I am eager to post my review(s) of East of Eden, but I fear the poetry essays I have been grading have sapped quite a bit of my mental strength, at least as far as posting goes. I have 57 pages left in East of Eden, so I am not quite ready to review it, but I thought I would leave you with this little teaser, which is also, coincidentally, one of the best quotes I've encountered about reading in a long time:
Tom got into a book, crawled and groveled between the covers, tunneled like a mole among the thoughts, and came up with the book all over his face and hands.
What a way to read!

Wednesday, February 10, 2010

One Will Love This Book

It was only a matter of time; I have caught one of the many bugs going around the school where I teach, and after practically losing my voice yesterday, I decided I needed to take a sick day and try to get better. This decision was quickly followed by the realization that East of Eden was NOT what the doctor ordered. It's a great novel, but it's definitely not something to read when you're feeling crummy.

Luckily for me, however, Alan Bennett's The Uncommon Reader was waiting for me at the library. I had read about it on several blogs, and it turns out that it was the perfect book to read!

I read The Uncommon Reader in one night, and it was just lovely. It is always nice to recognize pieces of yourself in characters that you read about, and I think half the book will end up in my quotations notebook! It is a very gentle tale of how the Queen of England's life is turned upside down by a single visit to a travelling library. She wasn't much of a reader before, but she quickly falls in love with books, reading, and the new world that books open up for her. The people around her become more and more perplexed and exasperated, and when the Queen, inspired by all the wonderful things she has been reading, decides to try writing herself, very interesting and unexpected things happen!

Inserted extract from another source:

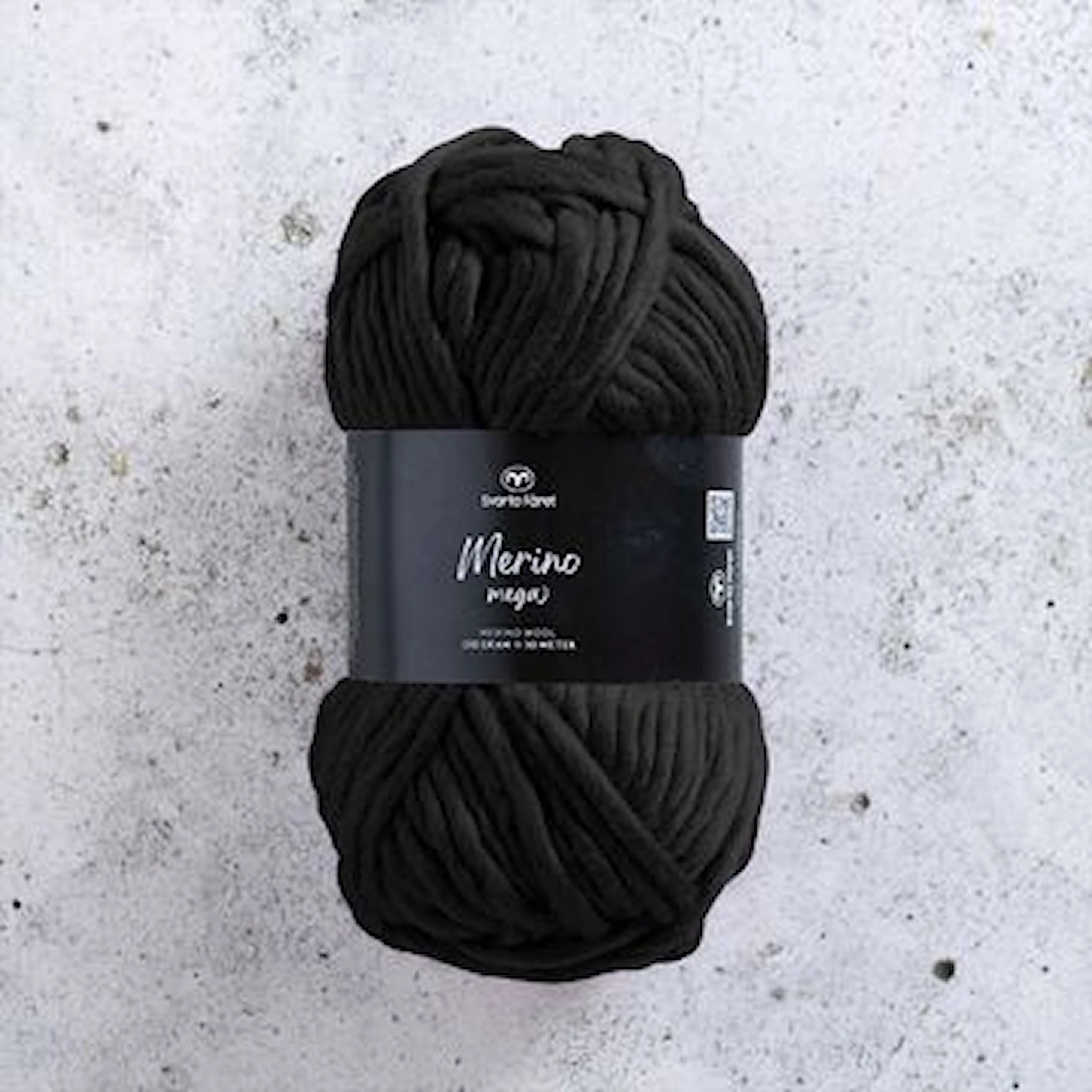 Produktbilde for Merino Mega Merino garn 100 gr 4Blue Lagoon 04 Svarta Fåret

Alan Bennett manages to poke fun at many people's preconceived notion of what books are for, how books should be read, and what is and isn't appropriate dinner conversation (i.e. books are not appropriate dinner conversation). As the Queen dives deeper and deeper into her lists of books, her staff and advisers, with the exception of the faithful Norman, become more and more perturbed by the changes that are taking place in "Ma'am." Many even consider that the Queen is probably sinking into senility (which presents a whole different problem than the book obsession since Alzheimer's is so singularly common), which is highly ironic given the fact that the Queen finds herself to be more mentally vivacious than she has been in a very long time. Bennett shows how powerful the reading experience can be and shows, as the Queen herself says, that reading is often a "tenderising" undertaking. The Queen herself changes not only her ideas and understanding of her surroundings because of what she reads; she starts to see and notice things in people that she never would have been aware of before.

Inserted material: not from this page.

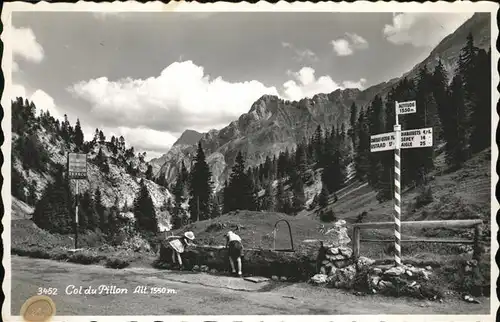 Col du Pillon Brunnen Kat. Pillon Col du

Part of what is so compelling about Bennett's story for me is the presence of another voracious, compulsive reader. I love that the Queen was willing to try anything, and her reading horizons were broadened immensely. I don't necessarily agree with her philosophy of always finishing a book once having started it, but I do think it is a wise reader (which the Queen very much is) who is willing to give an author a second chance because she knows that reading exercises the brain and makes it stronger. I also appreciate that the Queen realizes that reading should be an interactive experience; I believe that we get the most out of what we read if we respond to it and interact with it in some way both while we read and after we are done. Again, it is a wise reader who reads with a pen or pencil or highlighter in hand because she knows that there are treasures to be mined as she reads. The Uncommon Reader demonstrates that there is so much more to reading than entertainment; entertainment is all well and good, but reading and writing at their best can challenge us and make us think in ways that we wouldn't have otherwise and often can literally change our lives.

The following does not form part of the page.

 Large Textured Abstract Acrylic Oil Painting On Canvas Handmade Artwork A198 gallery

One thing I found myself wondering over and over as I read was what the real Queen's response was to this book. Was this book inspired by something particular? As an American, I will admit that I know very little about the ins and outs of the English monarchy, so I was left wondering about what Bennett was trying to achieve with the book. Was his purpose simply a gentle satire of people in general, or was he pointing out and satirizing something specific to the monarchy? Again, I very much felt my non-Englishness and the fact that I wasn't really in the know.

Part of the brilliance of Bennett's story, however, lies in the fact that you don't have to be English to appreciate the Queen's discovery of books. In fact, I would venture that the Queen is not an uncommon reader simply because she is the Queen; she is an uncommon reader because of what and how she reads. And that, my friends, is what makes The Uncommon Reader so appealing!

Sunday, February 7, 2010

Don't Know (or Care) Much About the Super Bowl

The statement I am about to write is tantamount to blasphemy in the US. Tonight is the Super Bowl, a sporting event that lures even the most un-sporting to its viewership (this happens, mostly, thanks to the fact that there are many parties celebrating said sporting event). I, however, don't really care about the game itself, and, thanks to a cold, I have an excuse to stay home, read East of Eden, and watch the end of Emma on Masterpiece Classic.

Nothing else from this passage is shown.